Les deux Elvire
Elvire est, de toutes les femmes de Don Juan, sans conteste la plus intéressante. Si Don Juan est la figure du séducteur, né dans une Espagne ardente, Elvire est bien la grande dame de haute naissance, amoureuse et bafouée d’une France grand siècle, dans le Dom Juan de Molière, et l’épouse généreuse et sublime de l’Italie de la fin du XVIII° siècle dans le Don Giovanni de Mozart et Da Ponte. Les deux Elvire forment une figure aussi importante du mythe que Don Juan lui-même – et bien plus admirable. Si Don Juan transgresse les interdits, Elvire n’est pas en reste. Si Don Juan est un pécheur, Elvire est aussi pécheresse. Si Don Juan est orgueilleux, cynique, obstiné, Elvire est hautaine, colérique, acharnée. Si Don Juan manie le verbe pour circonvenir les autres, Elvire sait le faire aussi. Mais si Don Juan inspire de l’horreur, du mépris, de l’effroi, Elvire inspire de l’admiration.
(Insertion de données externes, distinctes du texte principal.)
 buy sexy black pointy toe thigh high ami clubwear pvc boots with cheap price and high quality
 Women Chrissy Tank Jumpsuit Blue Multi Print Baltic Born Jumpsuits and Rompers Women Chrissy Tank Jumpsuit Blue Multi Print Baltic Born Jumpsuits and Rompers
Car Don Juan est dépourvu de ce qui fait la grandeur d’Elvire : l’amour. Face à un Don Juan méchant homme quoique grand Seigneur, une âme « de fabrique fine » dans le corps d’une grande dame, face au désir brut, le sentiment amoureux dans toute sa complexité, face à une obstination confinant à la sottise, une intelligence des choses du cœur… La création de Molière, reprise par Mozart et Da Ponte, est une figure de femme inoubliable.
Elvire n’a pas quitté son « équipage de campagne » pour rejoindre Don Juan 1: elle se moque des conventions vestimentaires dont son époux, plus mondain qu’on veut bien le dire, se soucie. Pourquoi songer à sa tenue quand est en jeu son amour, son âme même ? A sa poursuite, elle le retrouve à Séville, elle l’aborde avec audace. Elle est une femme « haute comme les nues » comme le disait Stendhal de Mme de Chasteller dans Lucien Leuwen. Et sa qualité de grande dame lui donne le droit de demander des comptes à un époux qui l’abandonne sans explications : « Parlez Don Juan », mais aussi « Justifiez vous ». Car Elvire espère encore.